Lead distance under a pickoff limit in Major League Baseball: A sequential game model

TL;DR

This paper models the strategic interaction between pitchers and runners in MLB under pickoff limits as a sequential game, providing optimal strategies and a practical rule of thumb for runners.

Contribution

It introduces a novel game-theoretic model of pickoff dynamics in baseball and derives optimal strategies and actionable rules for runners.

Findings

Optimal game equilibria for pitcher-runner interactions.

The Two-Foot Rule for runner lead adjustments.
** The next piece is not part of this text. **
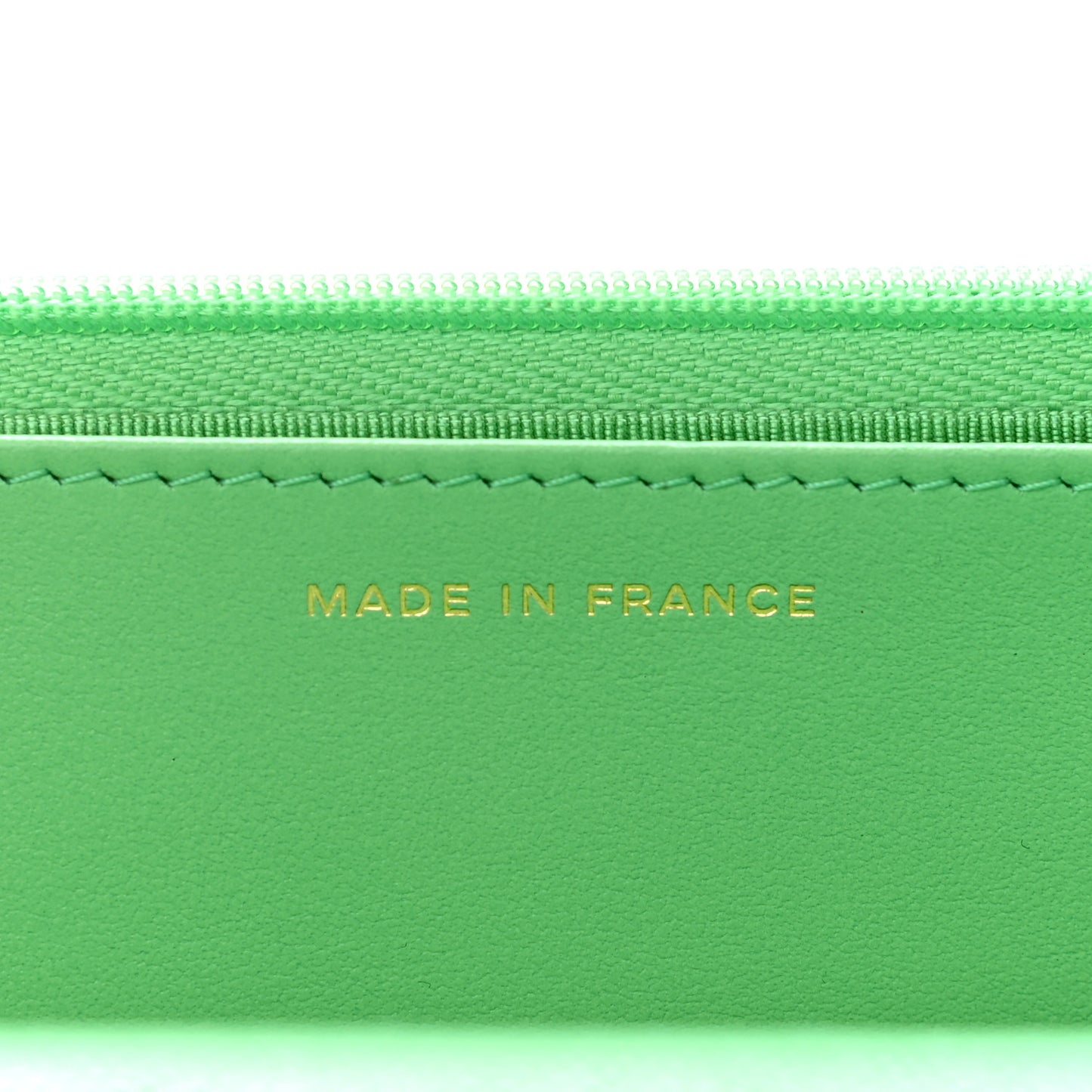 Caviar Quilted Wallet On Chain WOC Light Green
Statistical models predicting pickoff and stolen base outcomes.

Abstract

Major League Baseball (MLB) recently limited pitchers to three pickoff attempts, creating a cat-and-mouse game between pitcher and runner. Each failed attempt adds pressure on the pitcher to avoid using another, and the runner can intensify this pressure by extending their leadoff toward the next base. We model this dynamic as a two-player zero-sum sequential game in which the runner first chooses a lead distance, and then the pitcher chooses whether to attempt a pickoff. We establish optimality characterizations for the game and present variants of value iteration and policy iteration to solve the game. Using lead distance data, we estimate generalized linear mixed-effects models for pickoff and stolen base outcome probabilities given lead distance, context, and player skill. We compute the game-theoretic equilibria under the two-player model, as well as the optimal runner policy under a simplified one-player Markov decision process (MDP) model. In the one-player setting, our results establish an actionable rule of thumb: the Two-Foot Rule, which recommends that a runner increase their lead by two feet after each pickoff attempt.